Ce collectif, comme des dizaines d’autres - ainsi que les ONG internationales et l’ONU - recense la litanie des exactions des deux camps contre des hommes parfois abattus sur la base ethnique, des femmes victimes de «violences sexuelles utilisées comme une arme de guerre» ou des enfants enrôlés de force. Sans parvenir, jamais, à attirer l’attention du monde. L’ONU ne récolte que quelques pourcents de ses nombreux appels de fonds et la communauté internationale a vite cessé de tenter de ramener à la table des négociations les deux généraux. Les groupes de négociations parallèles de l’Union africaine (UA), du bloc est-africain de l’Igad, de la Ligue arabe ou des Etats-Unis alliés aux Saoudiens n’ont jamais unifié leurs efforts. Les Etats-Unis promettent un nouveau rendez-vous le 18 avril mais, déjà, l’armée a lancé des mandats d’arrêt contre ses potentiels interlocuteurs civils. Pourtant, note Alex de Waal, «il ne devrait pas être difficile d’obtenir un consensus sur le fait qu’un effondrement du Soudan n’est dans l’intérêt de personne». 

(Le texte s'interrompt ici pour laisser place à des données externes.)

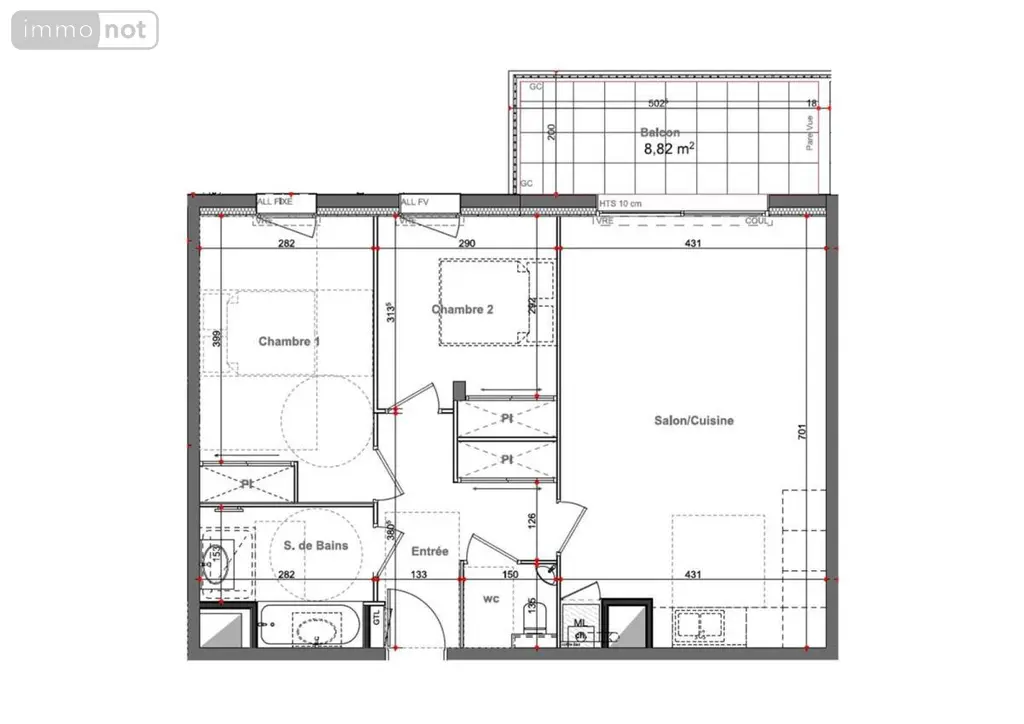 Appartement a vendre Pacé 35740 Ille-et-Vilaine 35 67 m2 3 pièces 367000 euros 35021-2066 006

Car, prévient-il, «ce vortex de conflits transnationaux et de rivalités mondiales peut enflammer toute la région». Pour le commentateur politique Khaled al-Tijani, «la nature de cette guerre rend les choses imprévisibles : au-delà des deux généraux ce sont de multiples ingérences étrangères qui s’affrontent». Les Emirats arabes unis - premiers acheteurs de l’or soudanais - soutiennent les FSR. L’Egypte a pesé de tout son poids derrière l’armée. Les Russes de Wagner ont longtemps formé et aidé les FSR, de même que le maréchal libyen Khalifa Haftar. L’Arabie Saoudite, décidée à s’imposer en leader régional, a tenté plusieurs coups diplomatiques, sans succès.  Des experts dénoncent le rôle de l’Iran, un ancien grand allié de Béchir quand d’autres évoquent celui des voisins érythréen et éthiopien. A l’intérieur des frontières, les islamistes de l’ère Béchir soutiennent publiquement l’armée, alors que les groupes rebelles ont ressorti leurs armes pour défendre leur ethnie ou leur territoire. 

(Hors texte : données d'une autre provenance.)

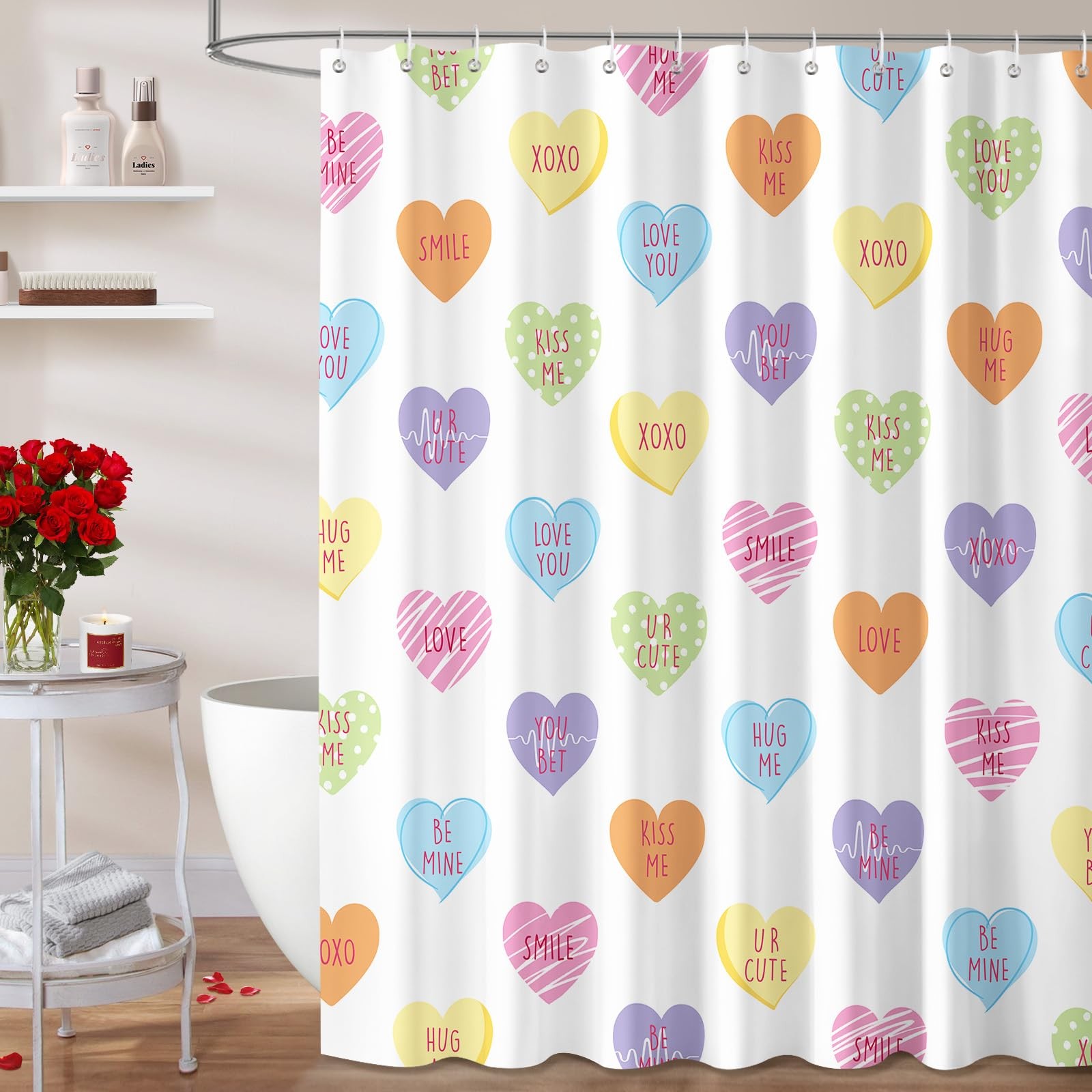 Valentines Shower Curtains For Bathroom Colorful Conversation Heart Candy 72x72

La communauté internationale - qui a évacué ses ressortissants, diplomates et personnels onusiens inclus, dès avril 2023 -, elle, tient le compte des horreurs. L’émissaire américain Tom Perriello prévient : la saison des pluies qui approche «pourrait aggraver une crise humanitaire déjà au bord de la rupture (...) avec des signes de famine, des atrocités horribles notamment contre les femmes et les enfants, des enrôlements de force et même de l’esclavage». L’ONU évoque un possible «génocide» au Darfour, la Cour pénale internationale (CPI) de possibles «crimes de guerre» et «crimes contre l’humanité». Mais les Soudanais ne cessent de rappeler que 20 ans après le Darfour, Béchir n’est toujours pas à La Haye. Quant aux deux généraux, ils campent sur leurs positions : «On ne négocie pas avec les terroristes», répètent leurs lieutenants.